Si vous avez fait un tour récemment au rayon musique classique chez votre disquaire préféré, vous avez certainement remarqué qu’il n’y avait pas grand-chose d’exaltant dans les bacs ; vous aviez le choix entre André Rieux et Helmut Lotti, des collections aux noms plus débiles les uns que les autres (genre les Absolus pour les rééditions, et pour les jeunes interprètes Génération 2001 chez Sony, qui y intègre Yo-Yo Ma alors qu’il fait une carrière mondiale depuis 20 ans), du Karajan à gogo… et des premiers enregistrements mondiaux. Il faut dire que les producteurs ne savent plus trop quoi faire pour relancer les ventes du classique, catalogué musique peu rentable. En effet, les mélomanes ont déjà reconstitué pour la plupart leur discothèque (s’ils l’ont fait, car il reste la race des « vinilystes ») ; il est donc difficile de leur proposer du nouveau. Alors, évidemment, il y a les nouvelles versions qui se placent à côté des anciennes (mais qui cela intéresse vraiment d’avoir trois fois la Cinquième de Beethoven), la musique contemporaine et donc les premières mondiales (qui sont parfois des œuvres insignifiantes de compositeurs inconnus, mais qu’une quelconque exigence musicologique et historique veut nous faire entendre alors que cela n’a le plus souvent rien à voir avec l’art).

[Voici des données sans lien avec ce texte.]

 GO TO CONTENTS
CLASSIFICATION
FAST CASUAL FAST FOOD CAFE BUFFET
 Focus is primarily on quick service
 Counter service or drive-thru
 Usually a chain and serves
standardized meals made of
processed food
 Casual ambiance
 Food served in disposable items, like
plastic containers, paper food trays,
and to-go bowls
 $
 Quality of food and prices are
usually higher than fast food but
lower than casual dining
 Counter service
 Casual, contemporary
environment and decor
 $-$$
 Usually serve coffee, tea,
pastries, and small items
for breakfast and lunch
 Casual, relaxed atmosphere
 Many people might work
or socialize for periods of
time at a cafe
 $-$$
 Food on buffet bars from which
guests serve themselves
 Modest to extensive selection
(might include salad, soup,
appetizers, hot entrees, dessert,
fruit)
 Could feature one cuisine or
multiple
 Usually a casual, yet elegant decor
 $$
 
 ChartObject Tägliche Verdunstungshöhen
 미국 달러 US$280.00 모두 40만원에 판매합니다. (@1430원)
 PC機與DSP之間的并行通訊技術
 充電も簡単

Ce disque appartient à la catégorie « premier enregistrement mondial ». Tout d’abord, reconnaissons que Roland de Lassus (1532-1594) ne dit en général pas grand-chose à l’acheteur, et même le mélomane averti ne comprend pas bien de quoi il s’agit, étant donné qu’il possède déjà le « célèbre » enregistrement de Philippe Herreweghe des Lamentations de Jérémie (Harmonia Mundi 901299) ! Le texte de présentation est là pour nous éclairer : il s’agit de la version à 4 voix parue en 1992 (sic) et non de la version à 5 voix publiée en 1585. Celle-ci est plus intime et très représentative de l’esprit dans lequel se trouvait Lassus à la fin de sa vie : la dépression (dite « mélancolie » à l’époque). Autant dire qu’il ne vaut mieux pas écouter cette musique si vous êtes dans le même état que Lassus à partir de 1575.

Ne me faites pas dire ce que je n’ai pas écrit : Lassus est l’un des plus grands compositeurs du 16e et écouter ses œuvres met dans un état bien plus planant et enivrant que beaucoup de drogues, souvent illicites rappelons-le. Son art est parfait (ars perfecta), bien loin des méthodes de certains maniéristes. Si on le compare au peintre Raphaël, ce n’est pas pour rien.

De plus, la qualité interprétative de ce disque est tout à fait recommandable. Le jeune Ensemble Vocal Orlando interprète ces œuvres avec beaucoup de talent : le contrepoint est très bien interprété, ménageant un équilibre d’une rare justesse, les jeux de couleurs sont réussis, le texte est servi au mieux, respectant toutes les inflexions mélodiques. En définitive vous l’aurez compris, tout cela est très beau mais ce n’est pas véritablement essentiel.